What is Kinetic Art
Kinetic art contains moving parts or depends on motion for its effect. The moving parts are generally powered by wind, a motor or the observer.
The term kinetic sculpture refers to a form of art made primarily from the late 1950s through 1960s. The emergence in France, Germany and Holland in the fourteenth century of weight-driven moving devices associated with public clocks led to the great mechanical wonders produced by Automata makers such as Maillardet, Theroude and Vichy in nineteenth century Europe. Gyroscopic, spring- powered clockwork and optical toys became extremely popular.
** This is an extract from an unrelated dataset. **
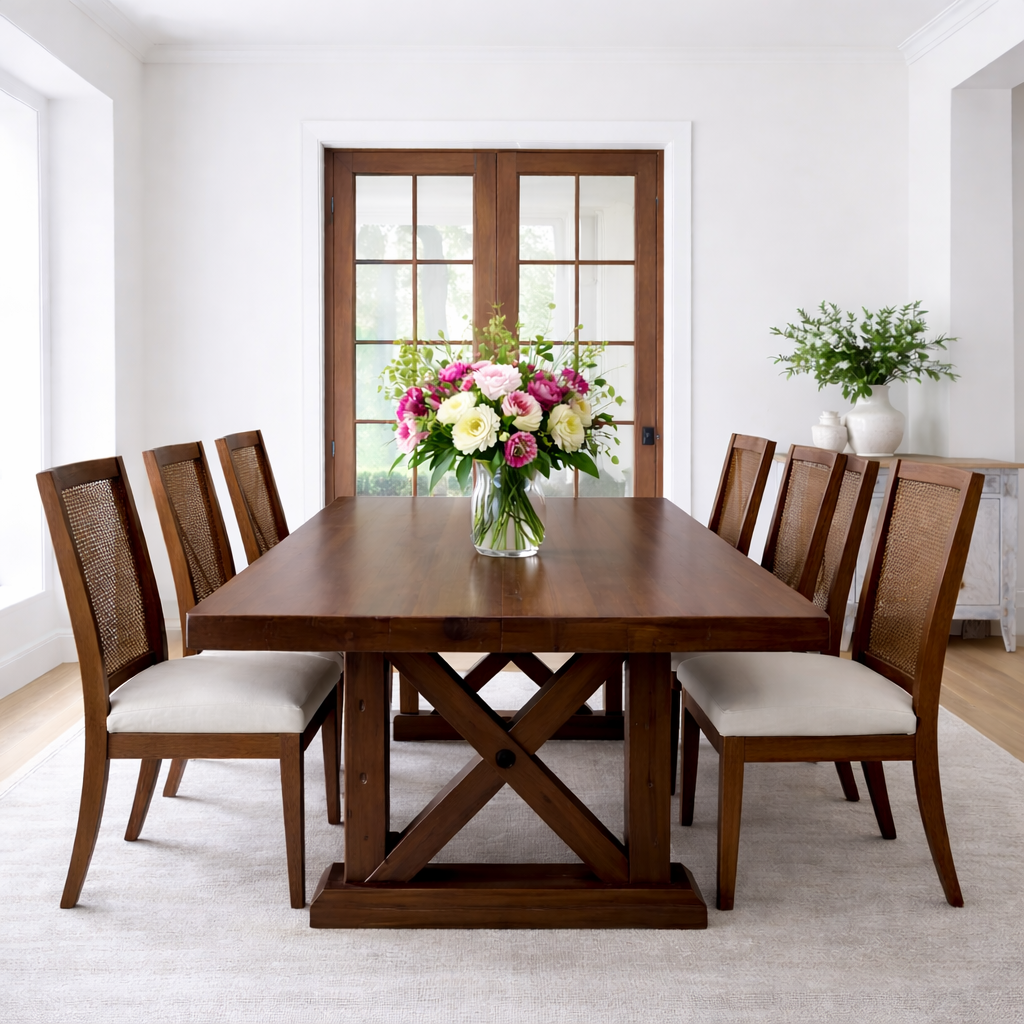 Solid Wood Dining Table with X-Base Farmhouse Style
Industrial techniques and batch production made such items available to a wider public, these pieces nowadays are very collectible.
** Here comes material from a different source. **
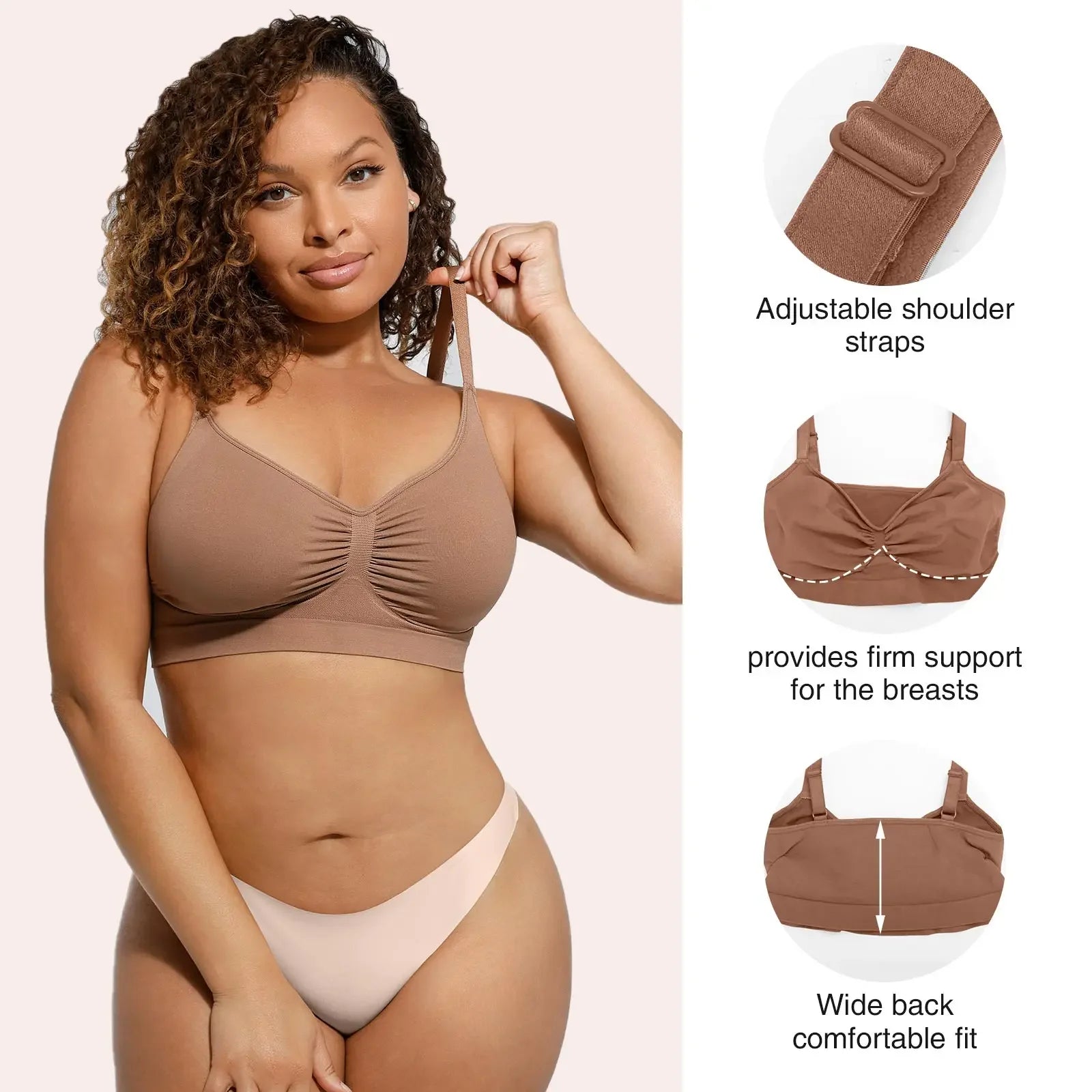 Seamless Wireless Push-Up Bra – Full Coverage & Adjustable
Kinetic art was first recorded by the sculptors Naum Gabo and Antoine Pevsner in their Realist Manifesto issued as part of a manifesto of constructivism in 1920 in Moscow.
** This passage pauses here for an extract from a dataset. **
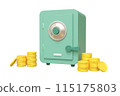 Safe and coins 3D illustration 115175803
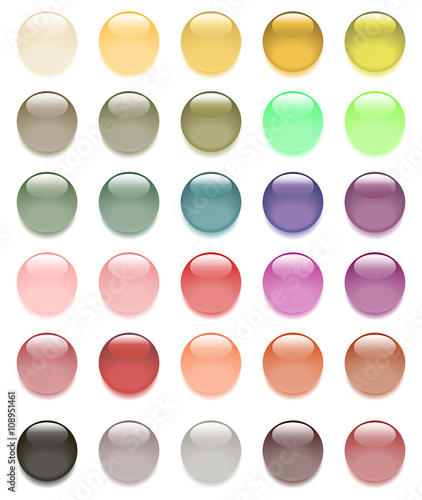 set of colored glass spheres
“Bicycle Wheel,” of 1913, by Marcel Duchamp, is said to be the first kinetic sculpture in modern times (although the Ancient Egyptians were no strangers to articulated devices, which they incorporated into everyday life – as did the Greeks and Romans). In the 1920s the Eastern European artists Naum Gabo and Laszlo Moholy-Nagy began to experiment with kinetic sculpture that resembled machines.
Shortly thereafter the American, Alexander Calder, invented the mobile, consisting of a delicately balanced wire armature from which sculptural elements are suspended.
Kinetic work in Britain can be seen at The MAD Museum in Stratford Upon Avon.